All Change In UK Government Procurement? by Colin Cram

Posted on August 4, 2015 by


Bill Crothers, the UK government’s Chief Commercial Officer is moving on.

This will be welcome news to some suppliers.

Bill was the first chief executive of the Crown Commercial Service, the creation of which I recommended to the UK Parliament’s Public Administration Select Committee in January 2013. He later passed the baton to Sally Collier and focused on boosting the commercial skills of senior civil servants. A consequence of a lack of commercial appreciation and skills are that policy decisions are made with inadequate understanding either of the commercial implications or naivety about what is involved in ensuring that they work.

The lack of commercial skills at senior levels has been a problem that I have observed for the whole of my career. It has resulted in some of the contracting fiascos of the past 5 years such as the alleged fraud by Serco and G4S where they charged for more work, in tagging criminal offenders, than was being done. Another example was the West Coast Main Line fiasco where, due to legal action by Virgin, the losing bidder, serious shortcomings were identified in the tendering evaluation. In other words, Virgin would appear to have submitted the best bid.

Another example of naivety was when the top civil servant in the then Department of Health and Social Security struggled to accept that procurement was much different from shopping around at the weekend for the best deal. I won’t claim to have convinced him, but at least I obtained a sufficient budget to start building a procurement organisation in that department. Eventually I built up a team that as well as letting major contracts, saved about 20% on the department’s mid-1990s £300million annual repetitive procurement spend. So much for weekend shopping!

Another example of naivety that I experienced was when I told a senior civil servant who was on a commercial skills course that the civil service got what it deserved when it experienced fraud. He rounded on me for making such an outlandish statement, completely missing the point that suppliers, contracts and markets have to be managed properly, otherwise things are likely to go wrong. Many government departments were poor at this, hence the need for the Crown Commercial Service to be created to take over their procurement.

One of Bill Crothers’ early tasks with the Crown Commercial Service was to work with the Ministry of Justice in sorting out the mess of the Serco and G4S tagging contracts. Though a criminal investigation is still underway, Serco settled for paying the UK government £68.5million and G4S £108.9million ($180million). The amounts of the settlements appear to have been far greater than the value of the alleged frauds. Serco has had to re-shape its organisation in order to bid for more central government business and lost its chief executive. He was also involved in negotiating to save money with existing suppliers, which delivered savings of £800million and he echoed the comments on the IT industry made by Peter (now Lord) Gershon 15 years earler who said that no industry had promised so much and delivered so little in respect of public sector contracts.
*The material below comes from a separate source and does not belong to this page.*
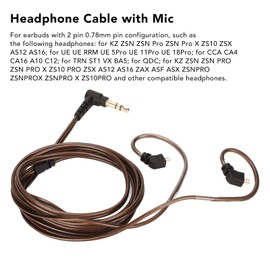 Noise Reduction Headphone Cable with Mic Replacement for KZ ZSN ZS10 AS12 UE 18Pro OFC Core Compatible with 0.78mm 2 Pin Earphones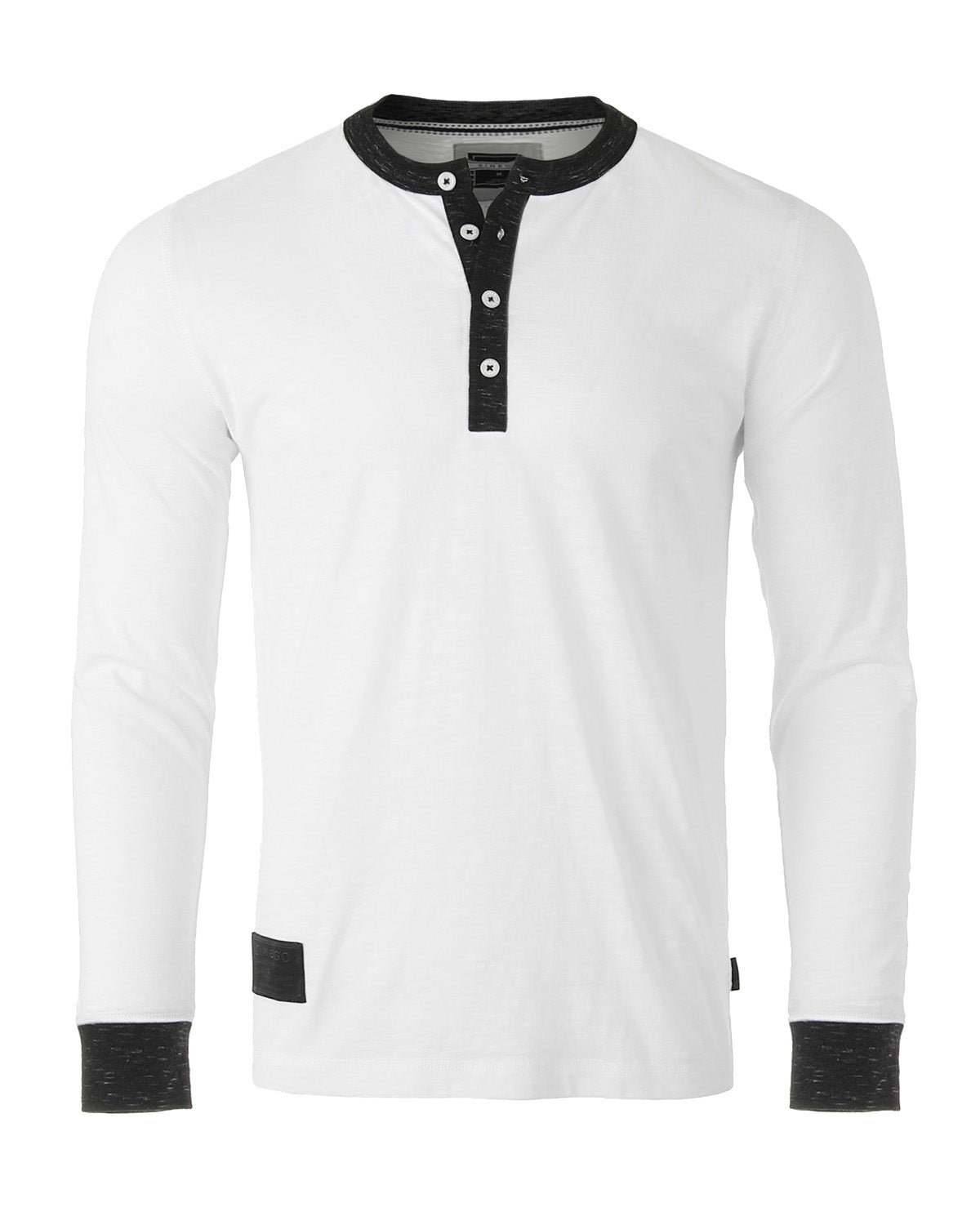 ZIMEGO Men's Long Sleeve Contrast Button Placket Neck Cuffs Casual Henley Shirts - Fashivra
More recently, in his Chief Commercial Officer role, he has taken a more conciliatory line with suppliers.

I doubt if one could claim that Crothers was a popular person, though I found him pleasant and likeable. However, his legacies of getting the Crown Commercial Service off the ground, changing the relationship with major suppliers, and contribution to improving the commercial understanding of senior civil servants are hugely important and will live on. I wish him well in what he does next.